Natalie Serrino

Co-Founder of Gimlet Labs, building AI infrastructure that makes agentic workloads 10X more efficient. Previously Founding Engineer at Pixie Labs (acquired by New Relic) and Observe Inc. Brown University Computer Engineering graduate.

Making AI Workloads 10X More Efficient

Natalie co-founded Gimlet Labs to solve the infrastructure crisis created by agentic AI systems. While traditional chat models are resource-intensive, agentic systems generate 5-15X more tokens and require heterogeneous compute orchestration across GPUs, memory-bound accelerators, and network-optimized nodes.

Gimlet’s platform automatically decomposes AI workloads into stages and maps each to the optimal hardware—decoupling agentic systems from specific accelerators. The company offers both a hosted platform and kforge, a standalone toolkit for developers.

Research: AI-Generated Kernels

Natalie co-authored groundbreaking research on AI-generated Metal kernels for PyTorch, demonstrating that frontier models can automatically optimize GPU code for Apple devices. Key findings:

1.87x speedup across 215 PyTorch modules using AI-generated kernels
Agentic swarm approach (Best of N) outperforms single-model generation
Context enhancement (CUDA references, Metal profiling) nearly triples performance gains
Some workloads achieved 4.65x speedups through kernel fusion
Requires zero kernel engineering expertise—works automatically on existing PyTorch code

This work validates Gimlet’s core thesis: AI can automate performance optimization that previously required specialized GPU programming skills.

Background

Pixie Labs (2019-2023) - Founding Engineer on Kubernetes observability platform acquired by New Relic. Built scalable monitoring infrastructure for cloud-native environments.

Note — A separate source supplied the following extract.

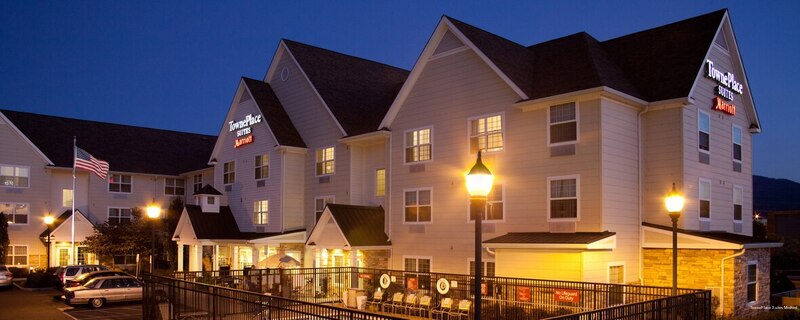 Фото TownePlace Suites by Marriott Medford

Observe Inc. (2018-2019) - Founding Engineer on observability and data pipeline platform. Early expertise in large-scale data systems.

Benchmark Capital (2017-2018) - Entrepreneur in Residence, exploring startup opportunities in infrastructure and AI.

Trifacta (2013-2017) - Senior Software Engineer on data transformation platform (acquired by Alteryx).

Philosophy: Automated Performance Engineering

Natalie’s work embodies a shift from manual GPU optimization to AI-driven automation. Rather than requiring deep CUDA/Metal expertise, her approach:

Uses frontier models as kernel generation agents
Employs ensemble techniques for reliability
Validates correctness and performance automatically
Operates on existing codebases without framework changes

This mirrors her broader vision at Gimlet Labs: abstract away infrastructure complexity, letting AI handle hardware optimization while developers focus on building agentic applications.

Key Publications

AI-Generated Metal Kernels for PyTorch - Demonstrates frontier models can write optimized GPU kernels, achieving 1.87x speedups across KernelBench
Introducing Gimlet Labs - Company launch announcement explaining heterogeneous compute orchestration for agentic AI

Conference Appearance

Event: AI Engineering Code Summit 2025 Date: November 21, 2025 Time: 2:45 PM - 3:04 PM Session: Using AI-Generated Kernels to Instantly Speed Up PyTorch

Demonstrated how AI can automatically generate and optimize compute kernels for custom PyTorch operations without manual engineering effort. Covered kernel generation using transformer architectures, validation approaches, and real-world performance improvements.

Last Updated: November 24, 2025